Recently published CHEST guidelines on CAC provide similar recommendations. They recommend standard dose LMWH as most preferred agent followed by UFH then DOAC for acutely ill and critical hospitalized patients with COVID-19. These guidelines recommend against anti-platelet for thromboprophylaxis and intermediate or full dose of LMWH. Extended thromboprophylaxis should be considered only for patients who are at low risk of bleeding. Mechanical prophylaxis is recommended only for those with contraindication to anticoagulants. For patients who develop VTE, these guidelines suggest initial LMWH (preferred) or UFH followed by continuation of same or shift to dabigatran or warfarin analogues. Thrombolytic therapy is recommended only for acute confirmed PE who show clinical deterioration. For non-hospitalized COVID patients who develop VTE, DOAC are preferred over LMWH for ease of administration and convenience to patients.
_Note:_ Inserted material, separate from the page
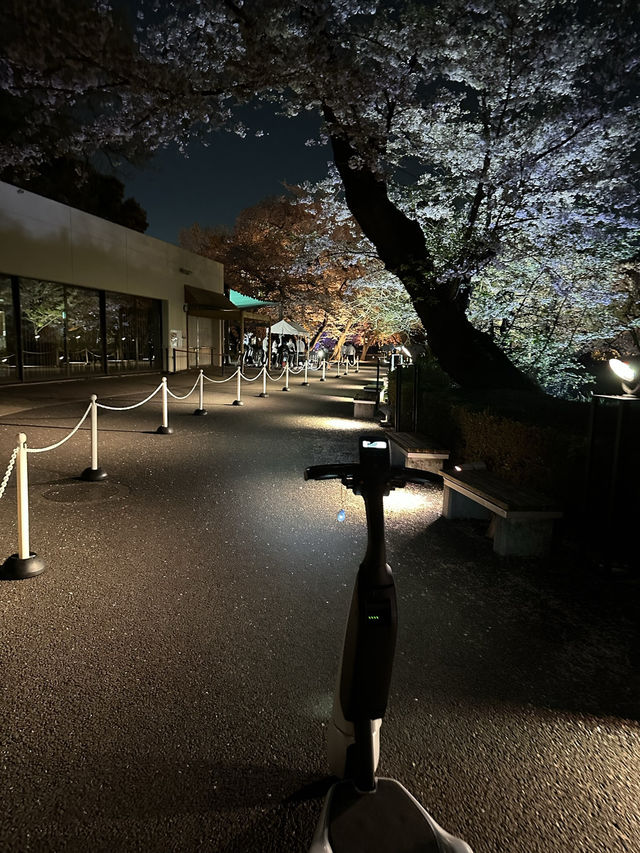 🌸 NAKED 桜の新宿御苑|デジタルと桜が融合する夜のお花見 🌸 NAKED 桜の新宿御苑|デジタルと桜が融合する夜のお花見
Warfarin analogues can also be used for these patients after LMWH overlap. Overall duration of anticoagulation treatment should be at least three months [56].

Conclusions

COVID-19 associated coagulopathy is associated with high risk of morbidity and mortality and is a cause of concern especially in hospitalized patients. It is multifactorial in nature and manifests with deranged D-dimer, high fibrinogen and is different from DIC with respect to a low occurrence of thrombocytopenia, lack of severe thrombocytopenia, accompanied by only a mild prolongation of prothrombin time and activated partial thromboplastin time. It is important to remember that prothrombin time in these patients should be analyzed in seconds rather than as a ratio or percentage. Both venous and arterial thrombosis appear to be increased especially in sick patients and many of the thromboses may be subclinical in nature. Diagnosing pulmonary embolism in patients in ICU is challenging and high index of suspicion is warranted. Available evidence and guidelines recommend prophylactic anticoagulation with LMWH for all hospitalized patients. Anticoagulant and antiplatelet possibly improve by additional mechanisms (antiviral activity, improving thrombo-inflammation etc.) also in treatment of COVID-19 patients. Most of the available data is not based on randomized controlled trials, which have started recruitment only recently and are expected to guide us further into management of CAC.